Posted via email from PEG @ Posterous

We need a better definition for “mash-up”

Mash-up no longer seems to mean was we thought it meant. The term has been claimed by the analysts and platform vendors as short hand for the current collection of hot product features, and no longer represents the goals and benefits of those original mash-ups that drew our interest. If we want to avoid the hype, firmly tying mash-up to the benefits we saw in those first solutions, then we need to reclaim the term, basing its definition on the outcomes those first mash-up solutions delivered, rather than the (fairly) conventional means used to deliver them.

Definitions are a good thing, as they help keep us all on the same page and make conversations easier. However, what often starts our as a powerful concept—with a clear value proposition—is rapidly diluted as the original definition gets pulled in different directions.

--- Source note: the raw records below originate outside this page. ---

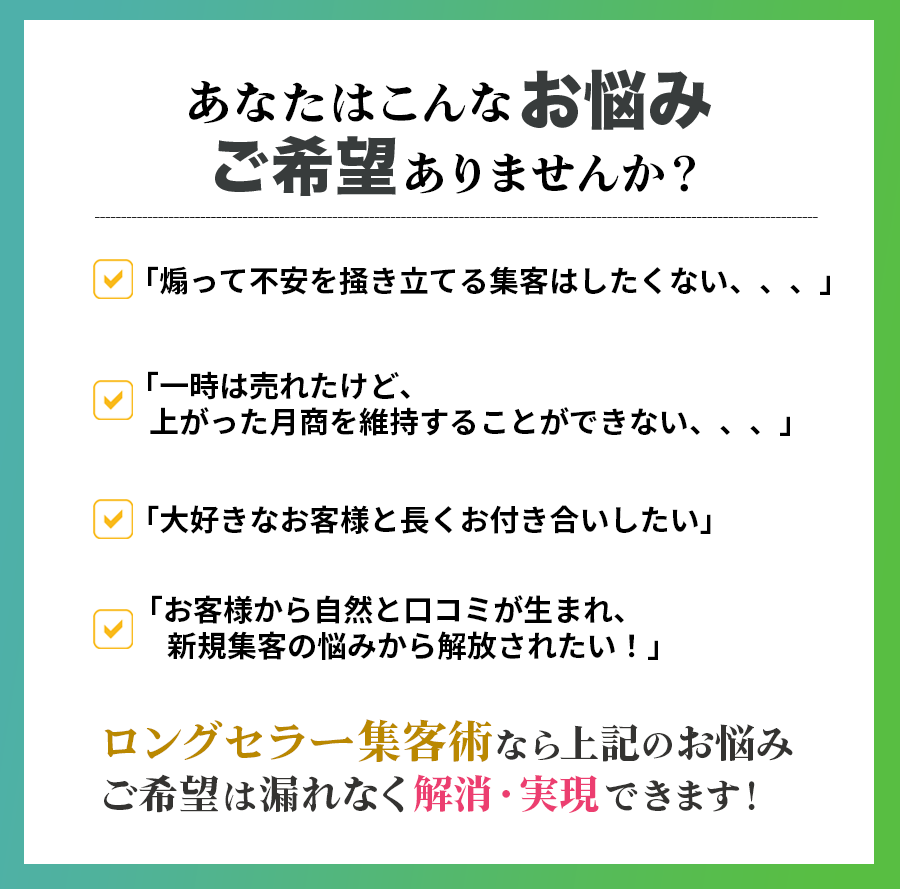 あなたはこんなお悩みご希望ありませんか？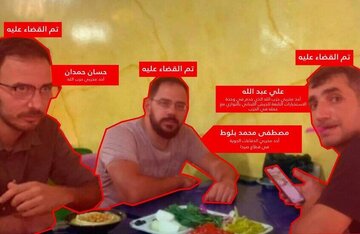 اسرائیلی فوج کا جنوبی لبنان میں حزب اللہ کے تین ارکان کو نشانہ بنانے کا دعویٰ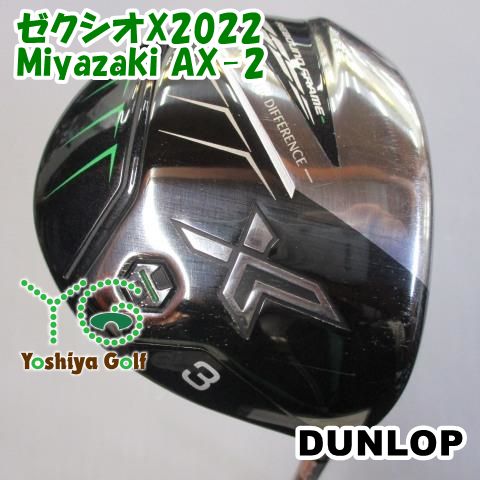 お フェアウェイウッド ダンロップ ゼクシオX2022/Miyazaki AX-2/SR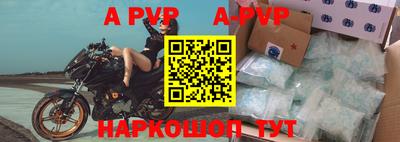 а пвп мука Сланцы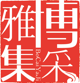 博彩雅集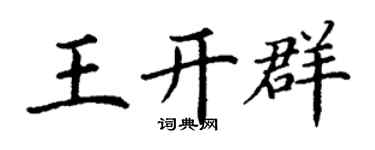 丁谦王开群楷书个性签名怎么写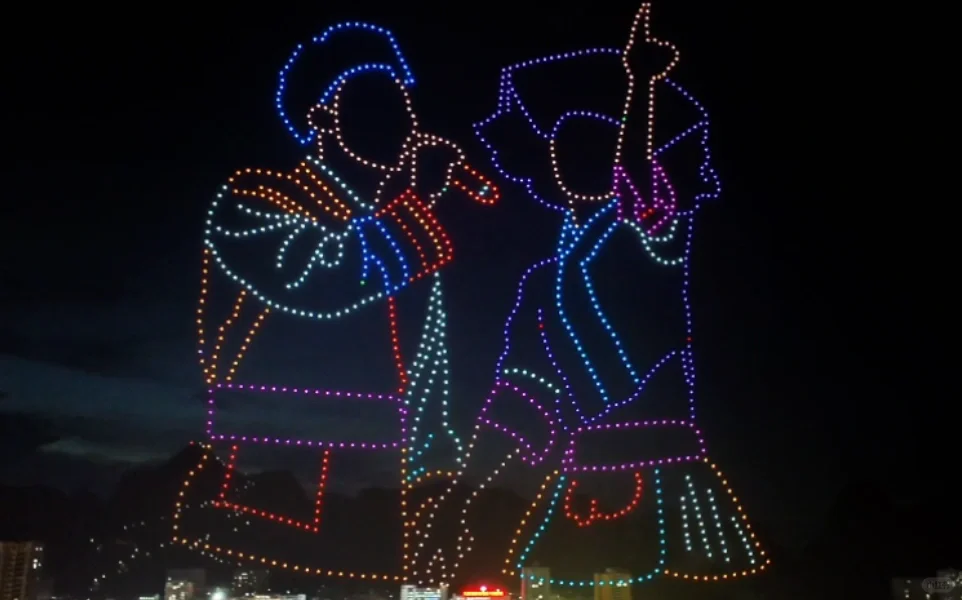 璀璨三月三,让我们相约灯谷景区江心岛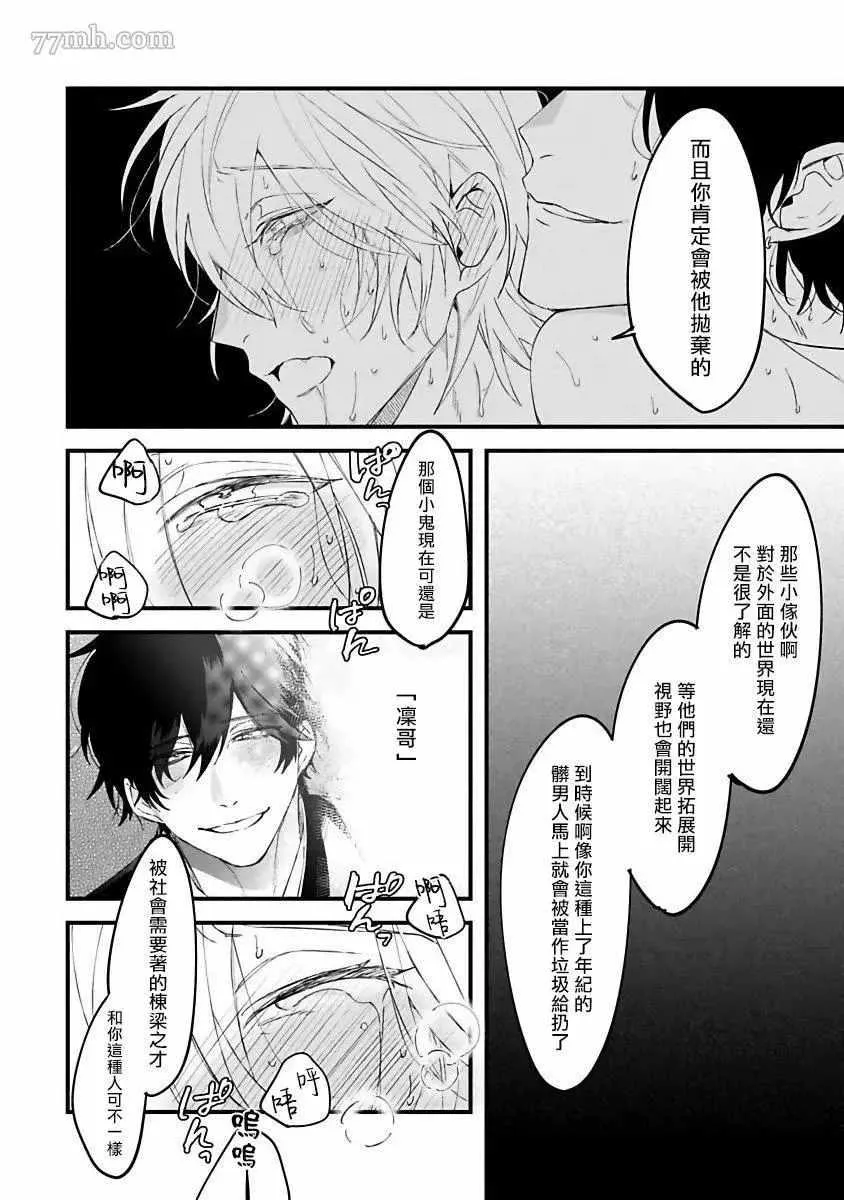 第3话 第16页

Over time, the foundation of a term’s definition moves from the outcome it represents (and the benefits this outcome provides), taking rest on the means which the original outcome was delivered, driven by everyones’ desire to define what they are doing in relation to the current hot topic. Next, the people who consider it to be just a means, often start redefining the meaning to make it more inclusive, while continuing to claim the original benefits. We end up selling the new hype as either means or goals or any half-hearted solution in between – and missing the original outcome nearly completely

The original mash-ups were simple things. Pulling together data from two or more sources to create a new consolidated view. Think push-pins on a map. Previously I would have had to access these data sources separately—find, select, remember, find, select correlation, click. With the mash-up this multi-step, and multi-decision workflow is reduced to a single look, select, click. Many decisions became one, and I was no longer forced to remember intermediate steps or data. 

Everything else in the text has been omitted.